GOP Venture Capitalist Makes His Case for California Governor (and a Ballot Measure)
By Melody Gutierrez
Republican venture capitalist John Cox called for an end to one-party domination of state politics and a smaller government as he made his pitch to be California's next governor Thursday at a Public Policy Institute of California speaker series.
Cox, 62, faces an uphill battle in a state where 1 in 4 voters is a registered Republican, but the Illinois transplant said he wants to ensure California is on a sustainable path for the next generation, which includes his 12-year-old daughter.
"I love this state, I have three homes here," Cox said before laughing that such a statement might not go over well with voters. "I can hear my PR guy having a heart attack, but I want people to know I've made an investment here, I love it. I've been successful, I've been lucky, I'm not going to apologize for it. But I'm running for governor to transform this state."
The 2018 governor's race to replace termed-out Gov. Jerry Brown also includes four Democrats and one other Republican: Lt. Gov. Gavin Newsom, state Treasurer John Chiang, former Los Angeles Mayor Antonio Villaraigosa, former state schools chief Delaine Eastin and Assemblyman Travis Allen, R-Huntington Beach (Orange County).
Newsom leads the pack at 23 percent, followed by Villaraigosa at 18 percent, according to a PPIC poll released last month. Thirty percent of likely voters said they are undecided. Chiang and Cox were both at 9 percent, Allen at 6 percent and Eastin at 3 percent.
In Thursday's conversation with PPIC President Mark Baldassare, Cox leaned into his Republican pitch, saying he supports regulatory changes pushed by President Trump and the GOP tax bills in Congress.
"I think there are some issues for California and other high-tax states, and that's a problem," Cox said about plans in Congress to scrap state and local tax deductions on federal returns.

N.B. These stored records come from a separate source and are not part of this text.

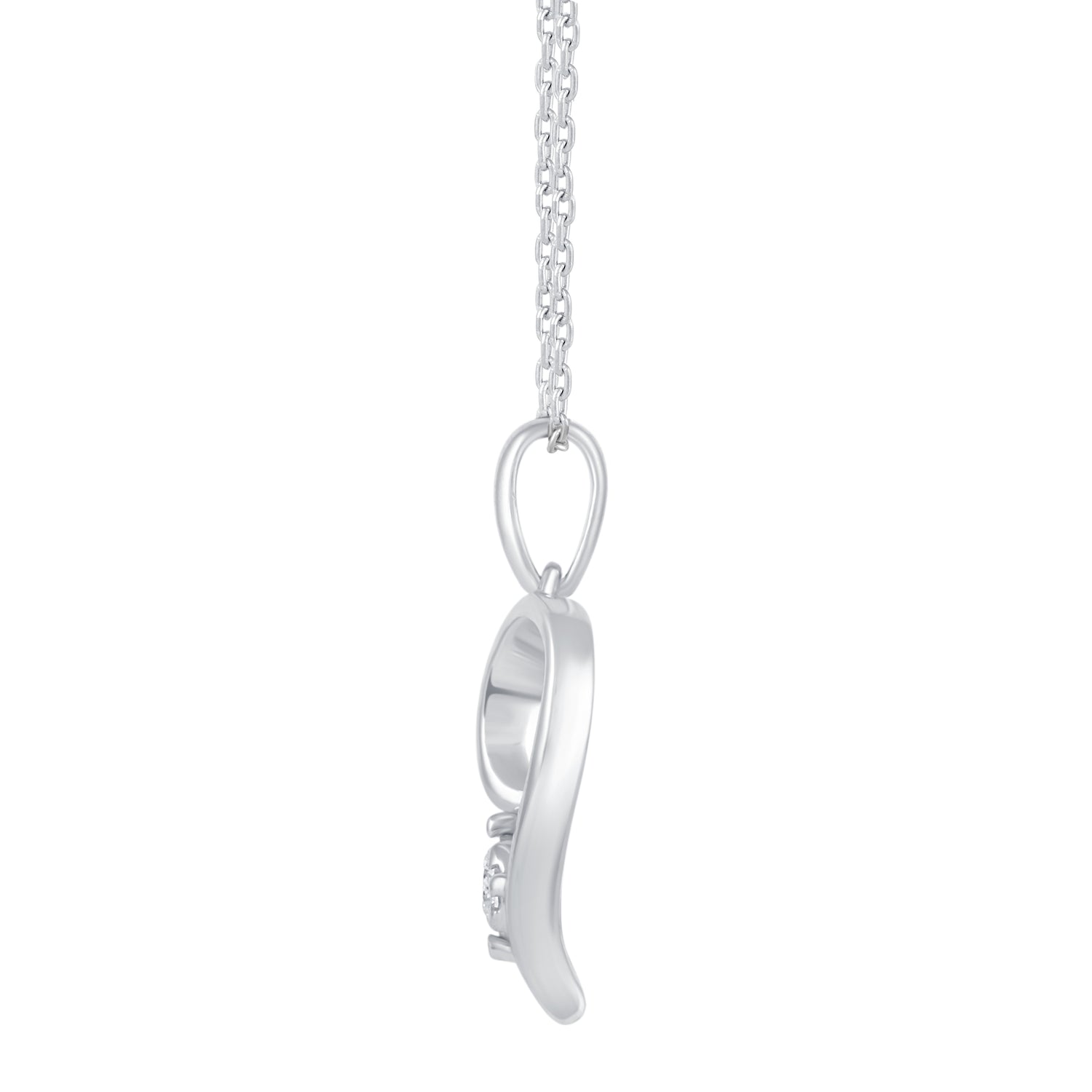 1/6 Cttw Natural Diamond Open Heart Swirl Floating Stone Pendant Necklace set in 925 Sterling Silver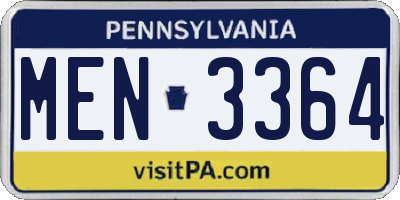 PA license plate MEN3364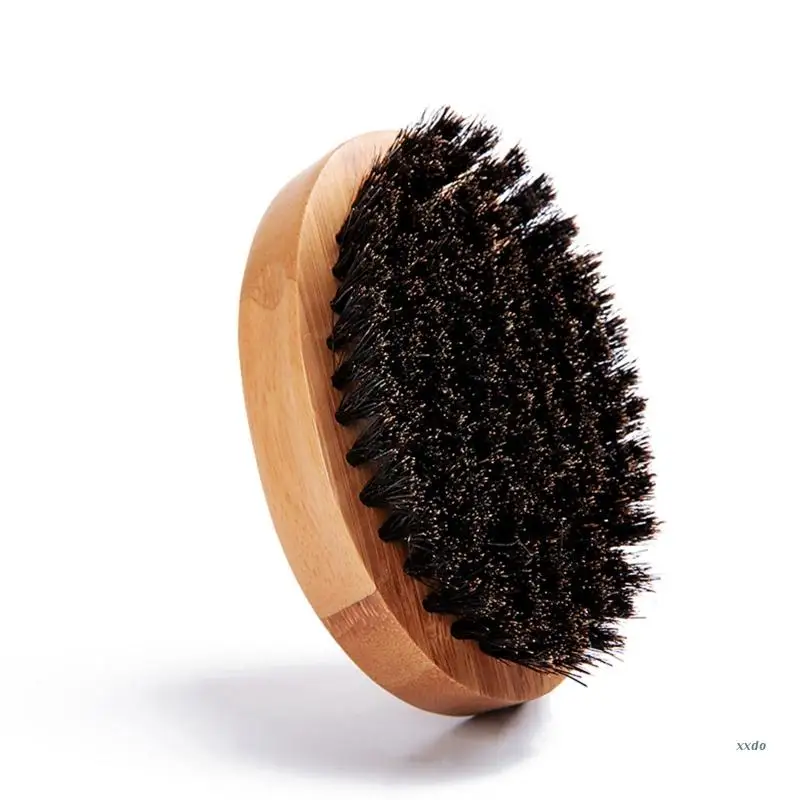 

Щетка для ухода за мужской бородой щетка для усов овальная деревянная ручка щетка с щетиной кабана для ухода за волосами лица с блеском и мя...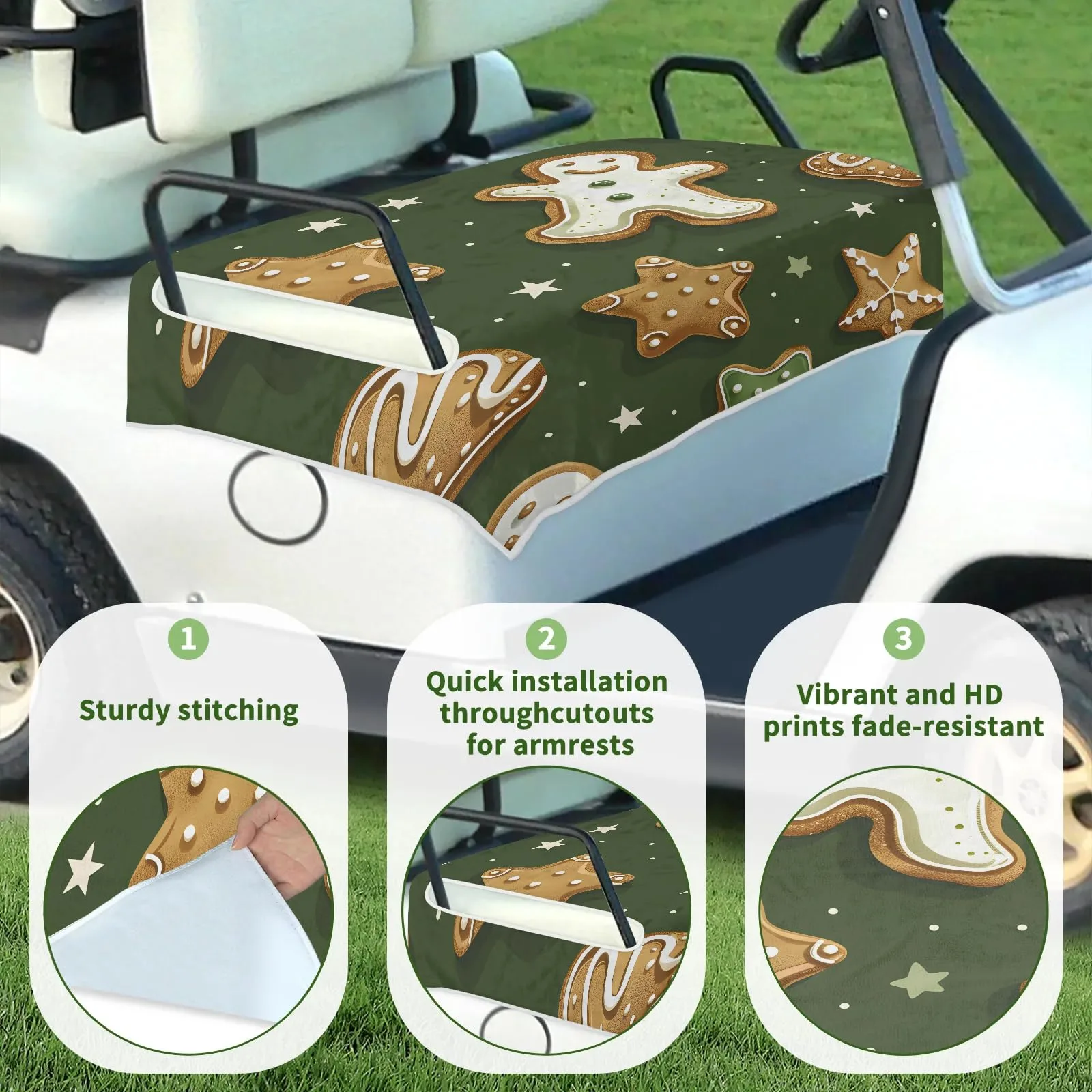 Tiveruda Golf Cart Seat Cover for Double Seats image 3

The answer to that, Cox said, is having California lower state income taxes so the federal tax reforms would not be such a burden.
"The media talks about this as a gift to the wealthy," Cox said. "I've been in the investment and tax world for 40 years. The reason people make investments is because they get a return, an after-tax return. ... The more after-tax profit, the more risk they are going to take. We want to encourage people to take marginal risks, that's what grows the economy."
Asked how he differs from Trump, Cox said it's in their styles: "I'm a policy wonk."
Cox repeatedly used the stage to mention the proposed ballot measure he's bankrolling that would create a "neighborhood legislature" by dividing Assembly and Senate districts into smaller pieces. Under the measure, which is awaiting verification of signatures to qualify for the 2018 ballot, each legislator would represent 5,000 to 10,000 constituents. The smaller neighborhood districts then would select a representative to go to Sacramento during the legislative session.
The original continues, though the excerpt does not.